Was pumped for 50 minutes. Furthermore, 300 ml of ethyl alcohol was injected, and the contents of the autoclave were vigorously stirred at 20 ° C. for 30 minutes. After stirring the content, unreacted monomers were degassed and removed, and then the olefin copolymer (ethylene-propylene rubber) was separated from the liquid phase. The obtained olefin-based copolymer was dried in a vacuum dryer at 60 ° C. for 20 hours, and then the monomer composition, the molecular weight, and the vanadium and aluminum contents were measured. The yield of the olefinic copolymer was 146.0 g, the ethylene content was 59.8% by weight, and the propylene content was 40.
It was 2% by weight. The number average molecular weight Mn is 310,00.
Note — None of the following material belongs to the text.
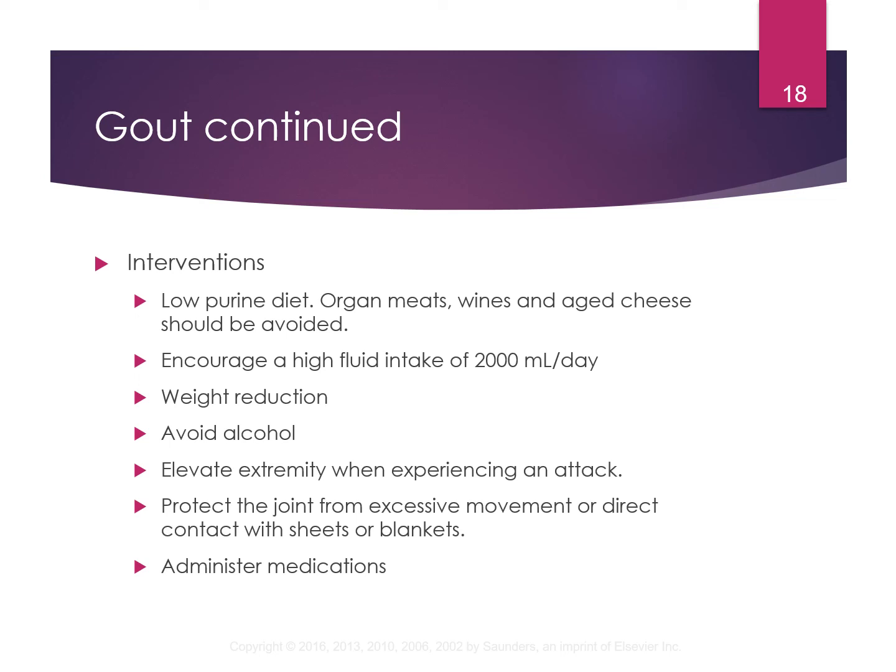Some medications they can take include analgesics like acetaminophen or anti-inflammatories. Also there are uricosuric agents, which lower uric acid levels by inhibiting the reabsorption of uric acid, causing them to excrete it out of the body. Allopurinol is one we see quite often. That's it for musculoskeletal — any questions, please reach out.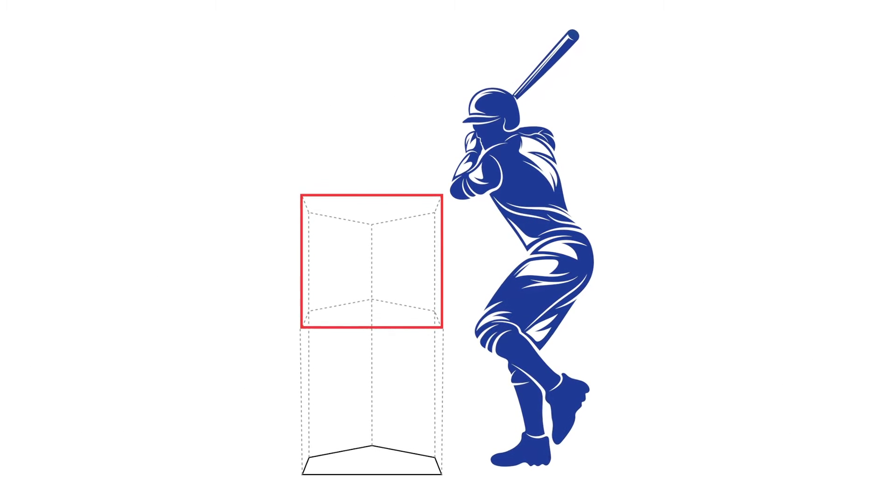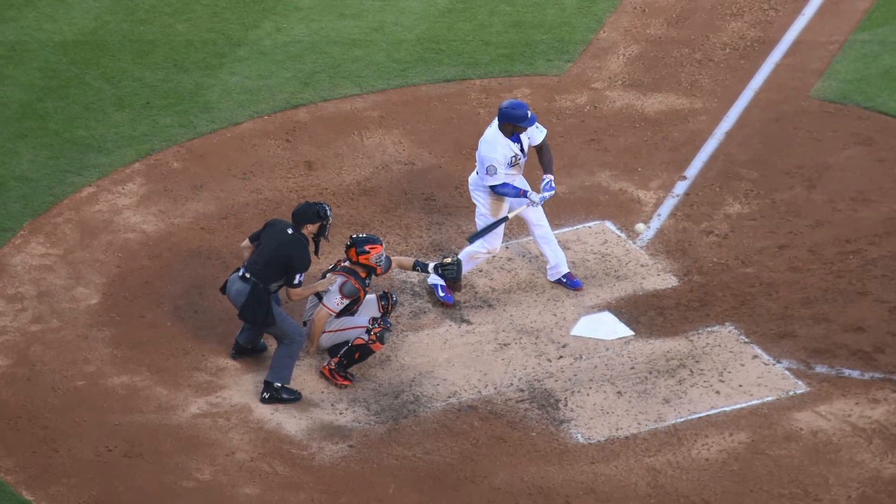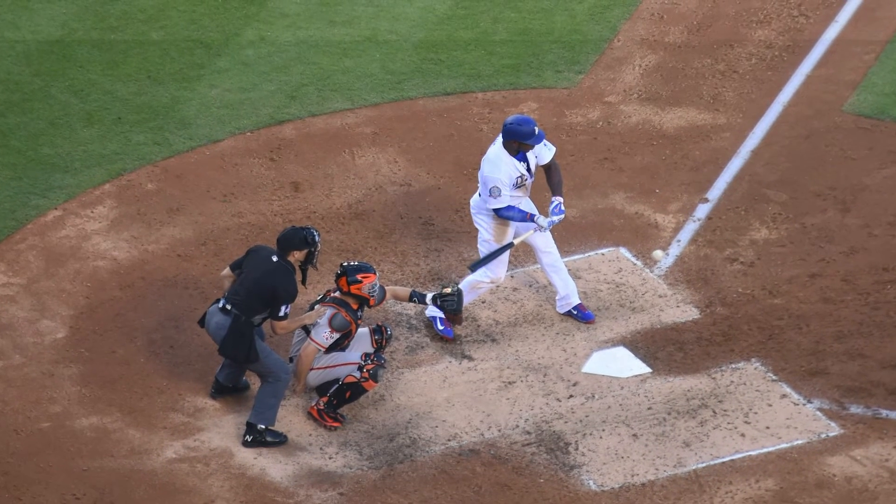Did you know that the strike zone is 17 inches wide, which is approximately the width of six baseballs lined up? The strike zone is defined as the area above home plate which a pitched baseball must pass through to be called a strike.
0, weight average molecular weight Mw is 972,000, Mw
/Mn=3.1. Vanadium concentration is 6.5pp
m and the aluminum concentration were 175 ppm. The olefin-based copolymer in the slurry liquid before purification contained vanadium at 45.1 ppm and aluminum at 1065 pp.
m was included.

Claims (1)

[Claims] 1. A method for removing a catalyst component from an elastomeric olefin-based copolymer obtained by suspension polymerization of ethylene and propylene or ethylene, propylene and a non-conjugated diene hydrocarbon in a hydrocarbon. Then, (a) an organic solvent having a solubility parameter in the range of 7.3 to 9.5 is added to the polymerization system before, during, and / or after the polymerization, and (b) the polymerization is performed. A method for purifying an elastomeric olefin-based copolymer, which comprises adding 0.2 to 100 parts by weight of alcohol to 1 part by weight of the olefin-based copolymer at a later point in time in the polymerization system.